Problem |
The lines to repeat are those below from the one containing "อาหารเปียกแมวโอคิโกะ OKIKO อาหารเปียกแมว" down to the one containing "Belgian Shepherd Malinois", both included; reproduce them exactly and nothing else.

Material for the task |
---
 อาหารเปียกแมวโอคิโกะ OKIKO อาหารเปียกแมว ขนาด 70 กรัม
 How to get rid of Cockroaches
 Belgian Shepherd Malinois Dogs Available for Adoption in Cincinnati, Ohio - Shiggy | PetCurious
---
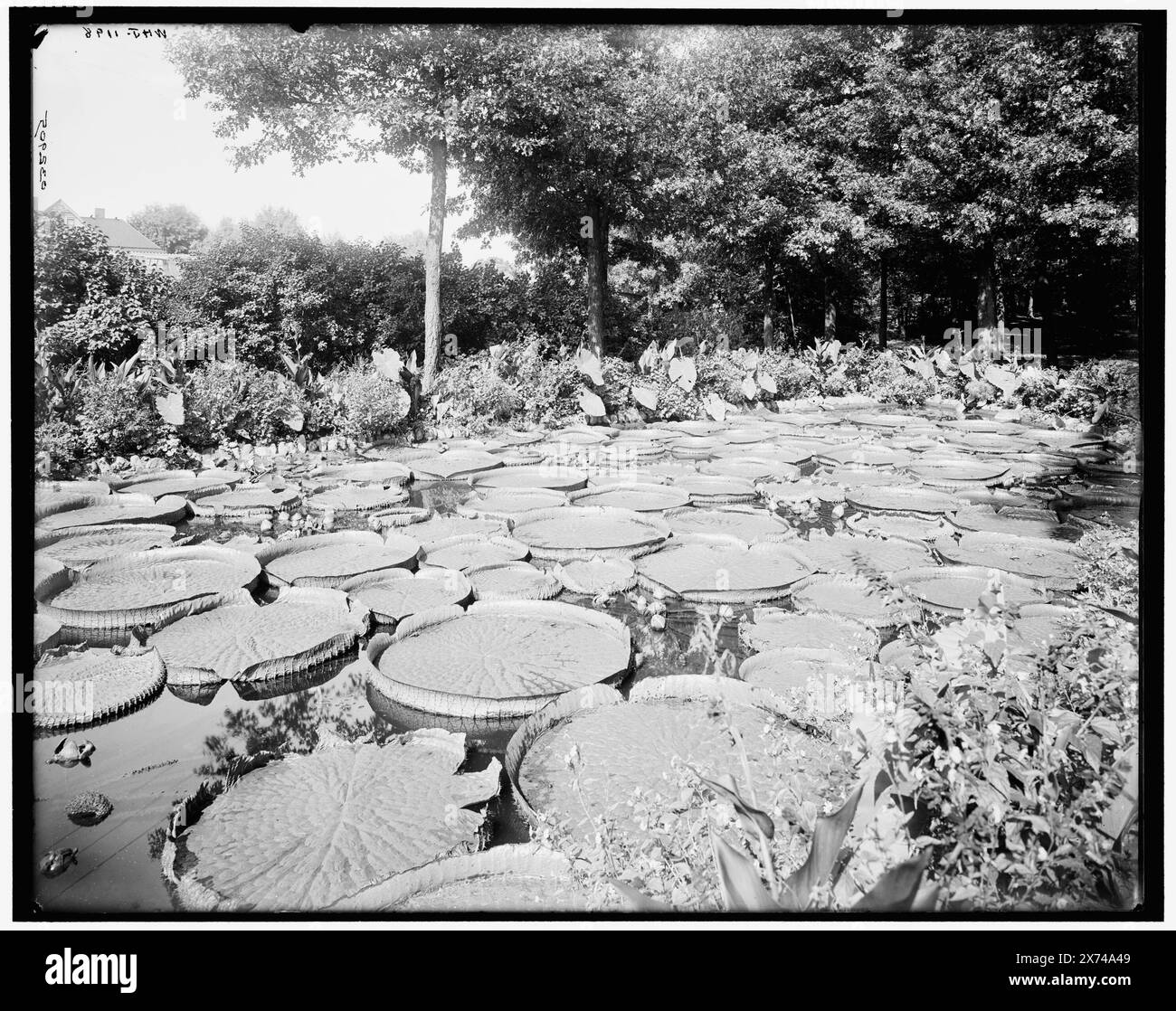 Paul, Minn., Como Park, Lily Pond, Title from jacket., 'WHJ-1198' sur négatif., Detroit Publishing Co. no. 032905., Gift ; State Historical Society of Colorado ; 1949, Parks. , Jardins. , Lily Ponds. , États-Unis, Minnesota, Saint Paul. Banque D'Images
---
Finished exercise |
 อาหารเปียกแมวโอคิโกะ OKIKO อาหารเปียกแมว ขนาด 70 กรัม
 How to get rid of Cockroaches
 Belgian Shepherd Malinois Dogs Available for Adoption in Cincinnati, Ohio - Shiggy | PetCurious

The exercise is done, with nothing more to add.